BEGIN RECORDS PROVIDED

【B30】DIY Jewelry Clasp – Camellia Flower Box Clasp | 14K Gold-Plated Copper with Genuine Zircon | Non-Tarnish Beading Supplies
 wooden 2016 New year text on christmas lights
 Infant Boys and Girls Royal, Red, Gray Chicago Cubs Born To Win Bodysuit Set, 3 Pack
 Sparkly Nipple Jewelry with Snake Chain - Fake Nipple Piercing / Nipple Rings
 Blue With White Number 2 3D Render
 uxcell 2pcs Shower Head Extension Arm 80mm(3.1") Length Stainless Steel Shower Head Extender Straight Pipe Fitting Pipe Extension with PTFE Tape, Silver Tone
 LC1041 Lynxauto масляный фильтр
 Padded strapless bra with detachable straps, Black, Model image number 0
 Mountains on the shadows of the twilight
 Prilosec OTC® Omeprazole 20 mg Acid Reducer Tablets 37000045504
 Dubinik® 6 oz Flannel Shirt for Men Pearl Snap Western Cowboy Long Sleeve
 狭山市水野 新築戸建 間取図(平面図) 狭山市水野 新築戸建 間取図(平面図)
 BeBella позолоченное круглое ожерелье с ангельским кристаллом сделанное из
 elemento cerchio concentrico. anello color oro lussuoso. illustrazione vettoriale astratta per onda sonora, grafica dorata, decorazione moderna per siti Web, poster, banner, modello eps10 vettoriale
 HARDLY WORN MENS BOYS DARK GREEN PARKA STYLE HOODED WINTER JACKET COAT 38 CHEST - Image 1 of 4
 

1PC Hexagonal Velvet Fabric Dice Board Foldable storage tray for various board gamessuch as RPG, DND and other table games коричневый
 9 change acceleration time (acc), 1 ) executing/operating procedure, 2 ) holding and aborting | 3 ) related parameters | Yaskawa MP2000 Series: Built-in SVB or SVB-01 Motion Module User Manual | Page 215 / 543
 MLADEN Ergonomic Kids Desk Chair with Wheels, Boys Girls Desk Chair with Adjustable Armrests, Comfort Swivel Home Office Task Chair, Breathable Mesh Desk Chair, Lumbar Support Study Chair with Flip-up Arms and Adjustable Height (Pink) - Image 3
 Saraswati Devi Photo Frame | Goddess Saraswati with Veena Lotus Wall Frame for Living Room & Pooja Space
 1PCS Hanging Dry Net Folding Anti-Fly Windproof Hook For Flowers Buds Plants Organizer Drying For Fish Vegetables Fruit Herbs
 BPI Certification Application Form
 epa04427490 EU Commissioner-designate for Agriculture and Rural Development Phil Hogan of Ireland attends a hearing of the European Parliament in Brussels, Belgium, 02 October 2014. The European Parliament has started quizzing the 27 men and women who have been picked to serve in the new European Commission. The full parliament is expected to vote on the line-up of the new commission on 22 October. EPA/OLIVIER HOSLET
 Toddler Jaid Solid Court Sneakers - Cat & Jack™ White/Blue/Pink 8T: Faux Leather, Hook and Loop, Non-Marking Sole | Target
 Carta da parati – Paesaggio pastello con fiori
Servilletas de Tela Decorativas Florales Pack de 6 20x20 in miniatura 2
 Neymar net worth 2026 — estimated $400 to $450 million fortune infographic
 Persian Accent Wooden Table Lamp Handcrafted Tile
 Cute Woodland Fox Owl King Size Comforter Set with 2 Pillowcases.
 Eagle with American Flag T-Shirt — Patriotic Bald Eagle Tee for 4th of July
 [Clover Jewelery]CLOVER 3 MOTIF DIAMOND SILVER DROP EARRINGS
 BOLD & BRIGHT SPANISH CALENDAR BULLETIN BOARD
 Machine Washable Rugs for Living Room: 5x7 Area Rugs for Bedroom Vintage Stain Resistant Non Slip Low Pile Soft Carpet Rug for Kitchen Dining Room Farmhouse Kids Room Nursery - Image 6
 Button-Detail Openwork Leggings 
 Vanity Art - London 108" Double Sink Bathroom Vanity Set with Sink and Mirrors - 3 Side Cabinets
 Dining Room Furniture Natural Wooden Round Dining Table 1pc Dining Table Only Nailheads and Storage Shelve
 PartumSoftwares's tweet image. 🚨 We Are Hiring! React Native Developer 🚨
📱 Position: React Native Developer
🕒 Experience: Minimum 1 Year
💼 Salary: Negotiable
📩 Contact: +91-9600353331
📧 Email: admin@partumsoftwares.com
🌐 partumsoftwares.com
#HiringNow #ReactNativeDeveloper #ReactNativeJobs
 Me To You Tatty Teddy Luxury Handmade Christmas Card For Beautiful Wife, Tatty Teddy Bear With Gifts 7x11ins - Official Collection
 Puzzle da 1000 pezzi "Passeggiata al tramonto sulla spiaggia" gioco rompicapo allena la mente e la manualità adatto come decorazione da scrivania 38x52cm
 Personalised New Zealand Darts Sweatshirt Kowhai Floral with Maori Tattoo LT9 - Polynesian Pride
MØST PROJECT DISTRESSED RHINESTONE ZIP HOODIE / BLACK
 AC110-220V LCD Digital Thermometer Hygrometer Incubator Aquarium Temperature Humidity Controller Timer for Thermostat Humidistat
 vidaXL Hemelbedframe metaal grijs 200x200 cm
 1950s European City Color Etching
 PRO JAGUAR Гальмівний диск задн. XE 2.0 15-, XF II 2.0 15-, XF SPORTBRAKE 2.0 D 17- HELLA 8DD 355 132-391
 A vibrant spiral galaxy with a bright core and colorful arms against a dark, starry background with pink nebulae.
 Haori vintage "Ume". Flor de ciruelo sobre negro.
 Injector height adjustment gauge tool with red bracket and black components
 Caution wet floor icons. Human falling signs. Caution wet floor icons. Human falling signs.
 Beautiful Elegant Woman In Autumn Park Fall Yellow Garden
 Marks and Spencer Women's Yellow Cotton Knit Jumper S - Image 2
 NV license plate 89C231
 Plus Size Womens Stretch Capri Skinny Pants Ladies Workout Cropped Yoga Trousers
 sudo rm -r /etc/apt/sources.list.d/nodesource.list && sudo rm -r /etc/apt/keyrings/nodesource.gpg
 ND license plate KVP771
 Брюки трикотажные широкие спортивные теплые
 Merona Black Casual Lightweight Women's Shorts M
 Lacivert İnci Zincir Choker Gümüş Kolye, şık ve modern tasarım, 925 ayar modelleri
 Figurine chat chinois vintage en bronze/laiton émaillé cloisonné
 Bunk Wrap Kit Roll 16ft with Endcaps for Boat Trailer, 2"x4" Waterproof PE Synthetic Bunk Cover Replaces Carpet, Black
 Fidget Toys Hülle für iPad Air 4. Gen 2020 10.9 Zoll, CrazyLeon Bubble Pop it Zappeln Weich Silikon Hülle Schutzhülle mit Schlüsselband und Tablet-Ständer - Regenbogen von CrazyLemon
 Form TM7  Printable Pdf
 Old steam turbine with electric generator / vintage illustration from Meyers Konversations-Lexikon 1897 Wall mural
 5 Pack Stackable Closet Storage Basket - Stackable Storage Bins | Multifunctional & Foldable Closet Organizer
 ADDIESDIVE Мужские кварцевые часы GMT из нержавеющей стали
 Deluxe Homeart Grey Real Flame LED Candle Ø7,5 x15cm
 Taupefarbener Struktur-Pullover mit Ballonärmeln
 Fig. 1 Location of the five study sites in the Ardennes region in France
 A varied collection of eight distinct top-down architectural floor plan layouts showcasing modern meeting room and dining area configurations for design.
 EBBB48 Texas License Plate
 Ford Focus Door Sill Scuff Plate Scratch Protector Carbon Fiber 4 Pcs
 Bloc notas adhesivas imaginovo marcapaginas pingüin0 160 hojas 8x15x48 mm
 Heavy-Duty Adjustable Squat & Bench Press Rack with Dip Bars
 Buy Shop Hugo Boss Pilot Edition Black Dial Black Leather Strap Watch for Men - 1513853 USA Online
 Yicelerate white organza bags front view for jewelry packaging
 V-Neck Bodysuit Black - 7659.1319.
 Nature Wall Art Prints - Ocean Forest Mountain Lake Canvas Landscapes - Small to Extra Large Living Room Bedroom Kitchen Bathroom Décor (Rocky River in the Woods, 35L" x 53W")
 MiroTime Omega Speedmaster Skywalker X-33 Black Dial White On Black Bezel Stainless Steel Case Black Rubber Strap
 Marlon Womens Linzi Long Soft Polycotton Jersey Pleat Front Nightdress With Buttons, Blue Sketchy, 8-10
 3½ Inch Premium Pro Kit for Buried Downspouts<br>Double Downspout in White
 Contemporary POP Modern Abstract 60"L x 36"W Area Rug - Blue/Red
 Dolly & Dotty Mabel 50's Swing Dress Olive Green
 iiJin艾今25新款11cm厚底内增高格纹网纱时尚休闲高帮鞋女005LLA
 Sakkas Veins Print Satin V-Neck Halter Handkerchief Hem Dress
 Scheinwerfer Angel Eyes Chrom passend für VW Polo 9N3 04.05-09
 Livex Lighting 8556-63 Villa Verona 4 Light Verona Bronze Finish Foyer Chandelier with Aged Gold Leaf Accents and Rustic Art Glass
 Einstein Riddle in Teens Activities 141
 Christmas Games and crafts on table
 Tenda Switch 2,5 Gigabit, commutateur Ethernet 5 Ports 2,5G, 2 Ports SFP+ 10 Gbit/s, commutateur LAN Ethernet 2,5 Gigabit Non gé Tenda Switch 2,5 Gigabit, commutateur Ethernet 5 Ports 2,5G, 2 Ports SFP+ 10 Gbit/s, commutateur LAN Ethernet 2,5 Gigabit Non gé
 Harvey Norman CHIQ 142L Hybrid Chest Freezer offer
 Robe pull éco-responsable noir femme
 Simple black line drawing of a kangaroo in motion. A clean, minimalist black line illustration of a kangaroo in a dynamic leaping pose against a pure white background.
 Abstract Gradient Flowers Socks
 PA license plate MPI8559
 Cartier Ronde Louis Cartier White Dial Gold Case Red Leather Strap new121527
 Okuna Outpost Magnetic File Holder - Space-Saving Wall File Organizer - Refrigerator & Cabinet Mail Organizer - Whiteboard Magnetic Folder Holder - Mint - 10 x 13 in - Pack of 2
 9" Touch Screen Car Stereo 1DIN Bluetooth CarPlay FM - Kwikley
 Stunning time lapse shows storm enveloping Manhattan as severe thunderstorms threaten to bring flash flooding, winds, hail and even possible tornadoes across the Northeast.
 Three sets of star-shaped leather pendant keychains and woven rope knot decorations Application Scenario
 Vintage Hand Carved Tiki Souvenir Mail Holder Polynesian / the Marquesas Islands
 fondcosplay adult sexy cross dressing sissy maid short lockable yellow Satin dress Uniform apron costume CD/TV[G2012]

END RECORDS PROVIDED

WHAT TO WORK ON:
Taking the lines above, repeat exactly those from the line that contains "Puzzle da 1000" through the line that contains "MØST PROJECT DISTRESSED", and both of those lines as well. Include nothing else.

OUTPUT OF THE EXERCISE:
 Puzzle da 1000 pezzi "Passeggiata al tramonto sulla spiaggia" gioco rompicapo allena la mente e la manualità adatto come decorazione da scrivania 38x52cm
 Personalised New Zealand Darts Sweatshirt Kowhai Floral with Maori Tattoo LT9 - Polynesian Pride
MØST PROJECT DISTRESSED RHINESTONE ZIP HOODIE / BLACK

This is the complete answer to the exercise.